Digital assets experienced stable performance in a week of historically low volatility and volume. Traders may have felt cautious after a US judge issued a ruling in a new SEC suit which contradicted (but didn’t affect) the recent ruling in the Ripple trial. Outside of continued US regulatory confusion, Ether futures ETF filings flowed freely, Coinbase outperformed expectations, Binance achieved a new landmark, and Tether earned $1bn in quarterly profits from their USDT stablecoin. Across the globe, Dubai and Hong Kong granted several major crypto licences, while Cboe expanded its involvement in the space.

What happened: Ether futures ETF filings follow spot Bitcoin enthusiasm

How is this significant?

  • Following the recent flood of spot Bitcoin ETF filings after BlackRock reignited interest in the space, this week saw a slew of applications targeting Ether as the underlying asset
  • Between markets closing on Friday and Wednesday, six separate firms filed (or re-filed) for Ether futures products, including VanEck, Volatility Shares, Grayscale, and ProShares (the issuers of the first approved Bitcoin futures ETF)
  • Alongside a regular futures product, ProShares also proposed a new short Ether ETF product
  • Todd Sohn, ETF strategist at Strategas told Bloomberg “Bitcoin futures have worked well with no major trading issues, so this seems like a natural progression of the category… the 2x Bitcoin launch a few weeks ago. So the comfort level seems to be growing”
  • Sohn believes that the first Ether futures filing kicked off a domino effect, as BlackRock’s earlier spot Bitcoin application did; “It’s mass hysteria—the potential market size is just too big for issuers to ignore”
  • Bloomberg Intelligence analyst James Seyffart believes that the SEC’s reluctance to endorse any digital asset beyond Bitcoin could lead to most applications being withdrawn
  • However he also notes that “I doubt all these issuers would file at the same exact time if there weren’t at least a meaningful chance at approval”
  • Additionally, ETF issuer Direxion filed for a combined Bitcoin and Ether futures ETF
  • Bloomberg Intelligence analysts Eric Balchunas and James Seyffart returned to their previous predictions regarding the chances of a spot Bitcoin ETF approval; they upgraded their odds from 50% to 65%
  • Part of their reasoning was Gary Gensler stressing the presence of other commissioners in a recent interview; “The deflection seemed a change in the way he normally handles these topics. We believe this may be a signal that aspects of the anti-crypto stance are becoming politically untenable for Gensler… if the SEC is going to bend anywhere on crypto ETFs, it will be with regard to bitcoin ETFs”

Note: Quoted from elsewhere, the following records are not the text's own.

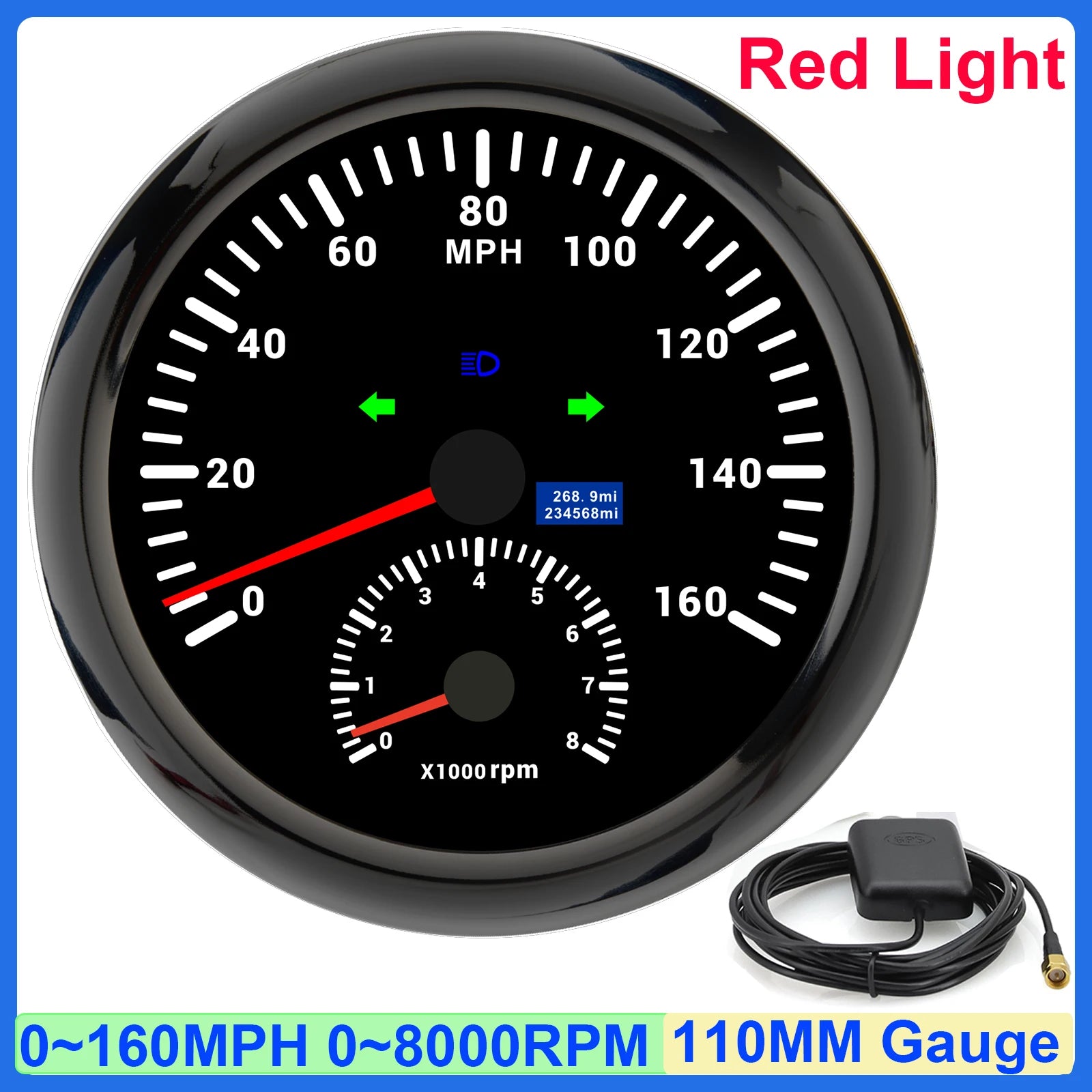 GPS Speedometer and Tachometer Combo | 2 in 1 110mm Gauge with GPS Antenna lifestyle view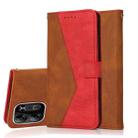 For Tecno Pop 7 Pro Dual-color Stitching Leather Phone Case(Brown Red) - 1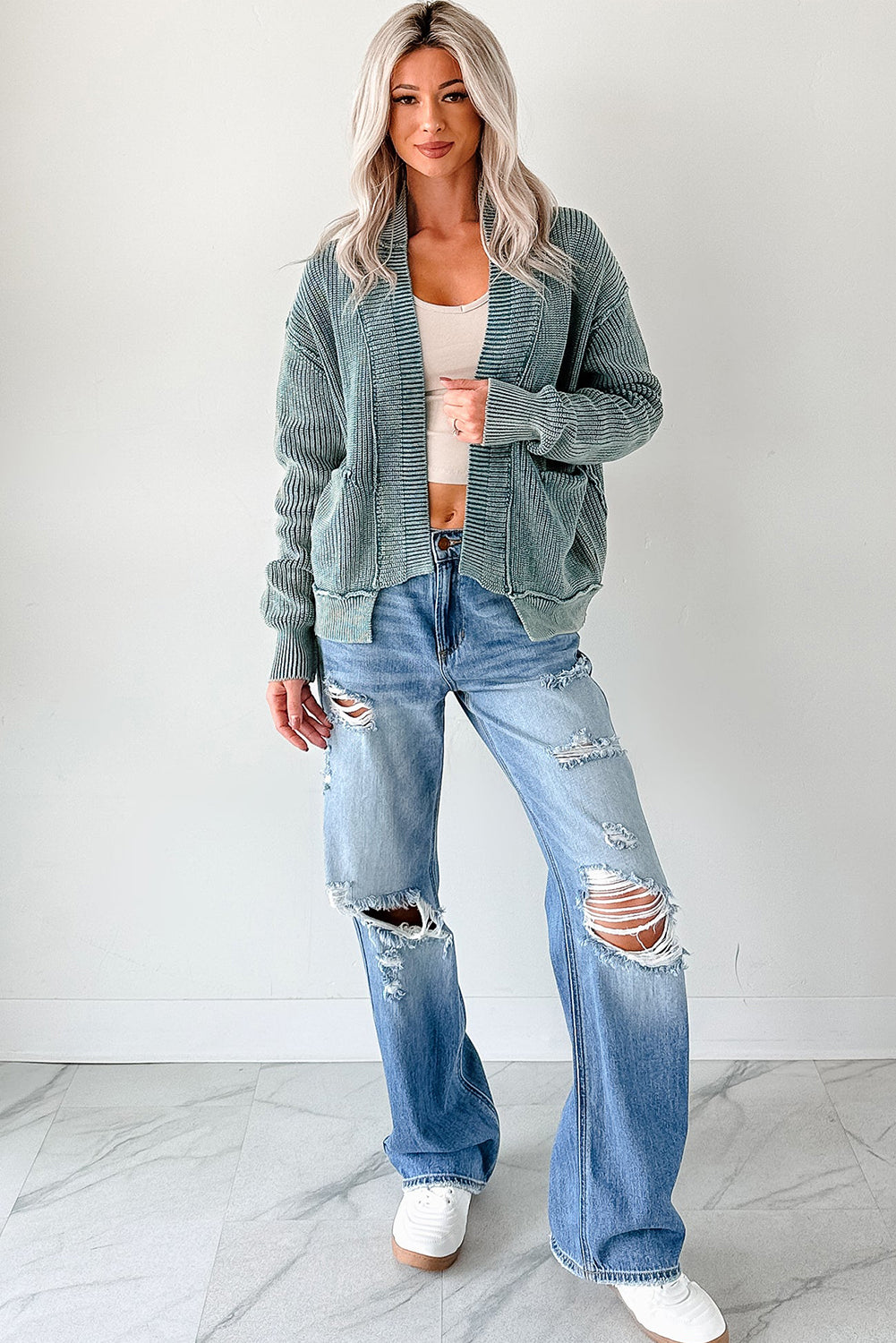 PRE-ORDER: Mineral Wash Exposed Seam Patchwork Knit Cardigan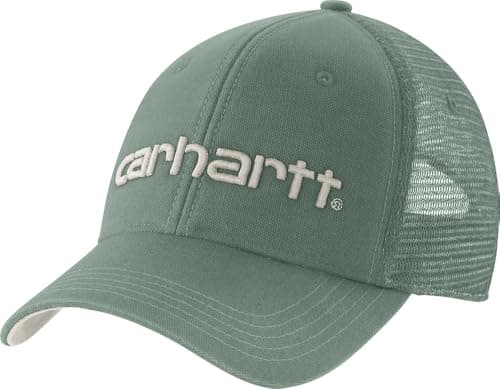 Image of Carhartt 101195 Canvas Mesh-Back Logo Graphic Cap Green Slate/Malt One Size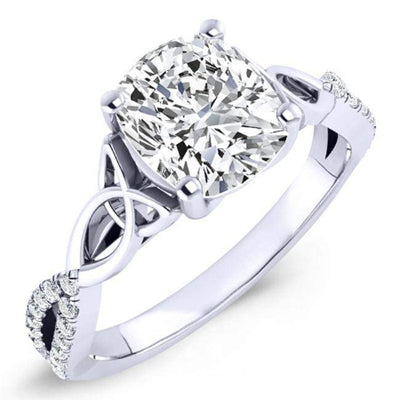 Pavonia Cushion Moissanite Engagement Ring whitegold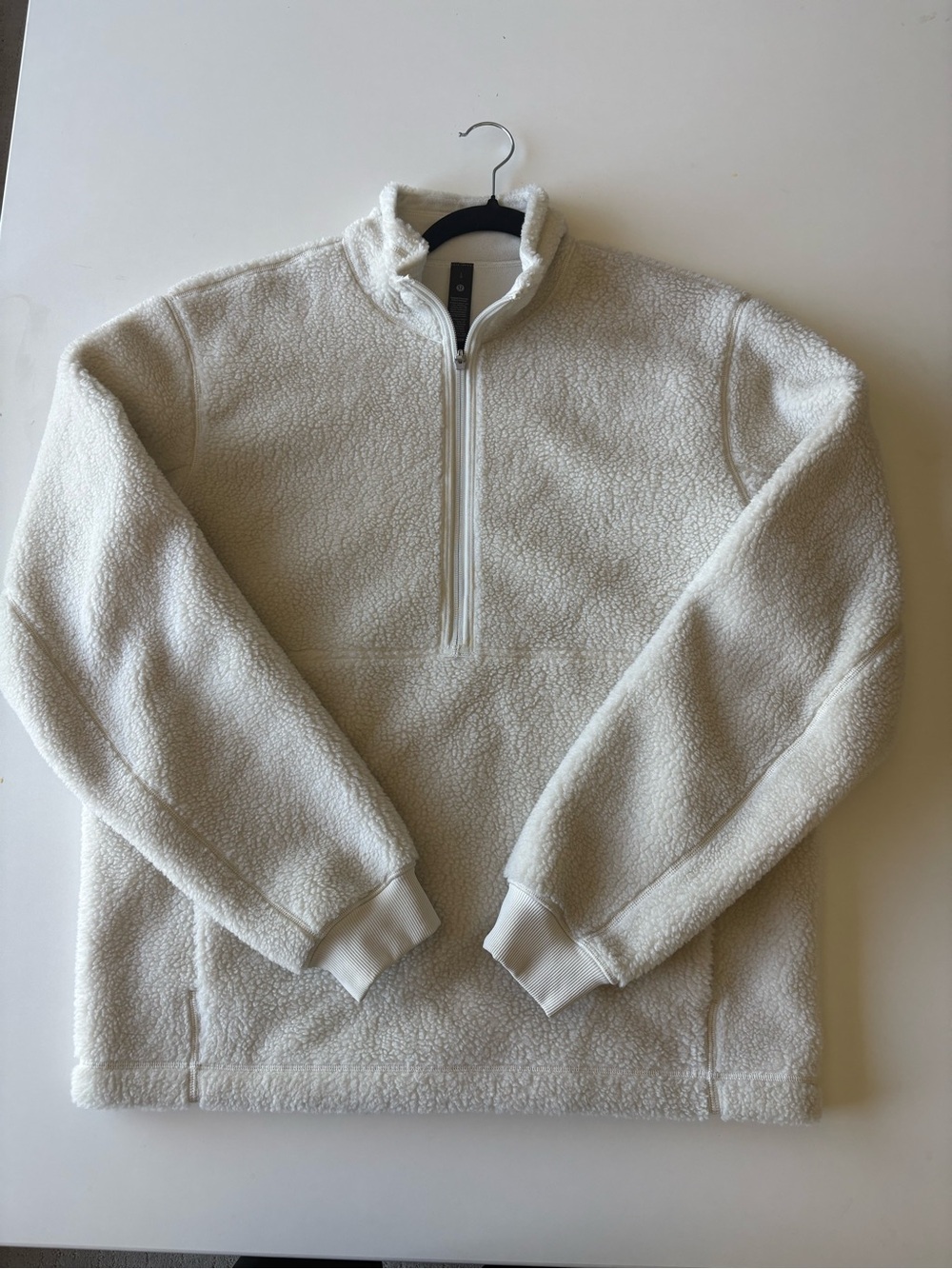 lululemon athletica Men's Cream Sherpa Zip-Up Pullover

What happened: Coinbase outperforms analyst expectations

How is this significant?

  • Despite ongoing legal action from the SEC, Coinbase Global posted better-than-expected Q2 results
  • Interest income helped to drive this performance, as volumes more than halved year-on-year; but losses also dropped to less than 1/10th of the Q2 2022 figures
  • Overall, Coinbase Global posted revenue of $708m, compared to analyst predictions of $663m
  • This led to an initial boost of 11% for Coinbase shares in after-hours trading, although those gains were pared back as more granular breakdowns of their revenues emerged
  • The company’s finance head, Alesia Haas, acknowledged challenging market conditions as a result of stability, rather than a downturn; “In Q2, crypto volatility, which is a key input into our trading business, continued to decline, and it reached multi-year lows”
  • Lower volatility correlates with lower trading volumes, and thus lower revenues due from trading fees; leading to estimations of further year-on-year revenue declines
  • COIN stock is however up around 80% since mid-June, helped by the exchange’s status as surveillance partner across numerous spot Bitcoin ETF listings, but industry analysts remain uncertain as to its prospects
  • One such analyst, Berenberg, called it “uninvestable in the near term… simply because the company continues to face very significant risks on the regulatory front”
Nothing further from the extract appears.